No semestre passado, durante a última greve de trabalhadores das estaduais paulistas, o companheiro Brandão do Sintusp, em inúmeros debates, alertou sobre o problema do corporativismo. É verdade que as lutas que fizeram nos últimos anos, as greves que impulsionaram, fizeram com que os salários não caíssem como em outras categorias do serviço público ou privado. Entretanto, os aumentos salariais foram concomitante ao processo de terceirização e precarização do trabalho. Enquanto conseguíam aumentos salariais, as reitorias levavam a frente seu projeto de corte de gastos, substituindo mão de obra contratada por concurso público e assegurada por todos os direitos de um efetivo, por funcionários terceirizados, subcontratados, temporários, etc.

É necessário levantar um programa conseqüente, que rompa com a divisão entre nós trabalhadores. É importante unir nossas fileiras e combater com um único punho. Somos todos trabalhadores, somos todos explorados pelo capital, não importa o salário que recebamos. Nós da Ler-qi pretendemos, com este boletim, abrir um debate sobre a terceirização entre os funcionários da Unicamp e chamar para a luta todos os companheiros, impulsionando uma forte campanha, junto aos estudantes, contra a precarização do trabalho e a terceirização.
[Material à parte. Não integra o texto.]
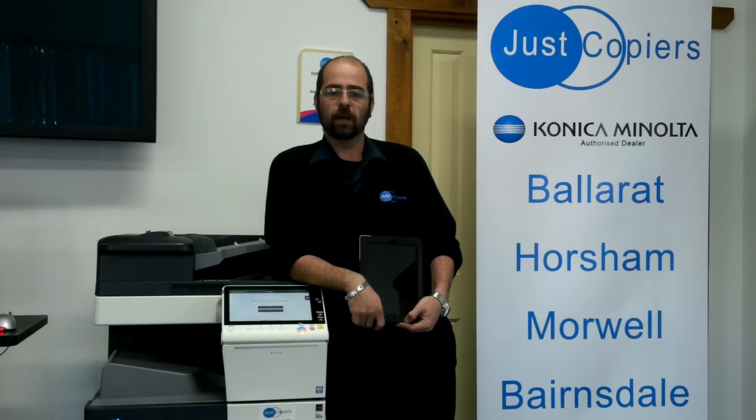To print, you'll need to make sure that your iPhone or iPad is wirelessly connected to the same network as your photocopier. If you're unsure how to do this, please see your company's IT support person.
- Pela unidade das fileiras operárias!

- Por uma campanha contra a precarização e a terceirização do trabalho.

Venha construir uma forte corrente entre estudantes e trabalhadores das três universidades estaduais:

Desde o final da greve do semestre passado, nós da Ler-qi estamos impulsionando reuniões com trabalhadores e estudantes das três universidades na perspectiva de construirmos um movimento que consolide uma forte correte político e sindical. Aqui na Unicamp precisamos consolidar uma oposição classista à direção do PCdoB no STU, aliada ao Sintusp e os lutadores da Unesp.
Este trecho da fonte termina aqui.